___ GIVEN INFORMATION

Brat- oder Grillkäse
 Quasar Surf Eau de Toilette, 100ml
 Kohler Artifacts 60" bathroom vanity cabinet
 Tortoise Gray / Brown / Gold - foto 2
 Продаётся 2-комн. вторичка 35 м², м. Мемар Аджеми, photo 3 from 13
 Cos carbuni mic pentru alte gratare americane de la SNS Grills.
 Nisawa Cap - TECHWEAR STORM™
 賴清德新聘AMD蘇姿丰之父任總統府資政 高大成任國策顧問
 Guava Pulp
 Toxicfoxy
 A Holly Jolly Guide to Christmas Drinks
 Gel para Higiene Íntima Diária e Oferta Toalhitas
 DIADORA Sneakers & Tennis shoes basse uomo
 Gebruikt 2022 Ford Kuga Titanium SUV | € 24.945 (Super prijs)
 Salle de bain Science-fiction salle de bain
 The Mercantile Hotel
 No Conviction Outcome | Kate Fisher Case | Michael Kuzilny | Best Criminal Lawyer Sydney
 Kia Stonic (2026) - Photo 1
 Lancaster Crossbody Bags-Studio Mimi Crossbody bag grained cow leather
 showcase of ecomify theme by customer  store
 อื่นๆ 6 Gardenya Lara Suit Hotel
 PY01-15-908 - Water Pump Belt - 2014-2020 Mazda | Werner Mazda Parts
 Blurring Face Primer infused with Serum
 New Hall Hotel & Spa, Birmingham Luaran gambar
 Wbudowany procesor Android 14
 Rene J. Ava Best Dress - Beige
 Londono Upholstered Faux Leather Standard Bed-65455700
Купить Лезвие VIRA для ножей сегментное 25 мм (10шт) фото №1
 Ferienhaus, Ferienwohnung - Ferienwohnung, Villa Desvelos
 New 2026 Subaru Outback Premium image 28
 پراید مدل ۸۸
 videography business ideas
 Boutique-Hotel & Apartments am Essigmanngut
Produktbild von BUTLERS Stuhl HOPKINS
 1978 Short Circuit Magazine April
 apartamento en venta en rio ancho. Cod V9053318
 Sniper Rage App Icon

______

* WORK ORDER: Begin with the line containing "videography business ideas" and retype it and each line after it through the end of the records, keeping them exact and including nothing more.

* EXERCISE OUTPUT:
 videography business ideas
 Boutique-Hotel & Apartments am Essigmanngut
Produktbild von BUTLERS Stuhl HOPKINS
 1978 Short Circuit Magazine April
 apartamento en venta en rio ancho. Cod V9053318
 Sniper Rage App Icon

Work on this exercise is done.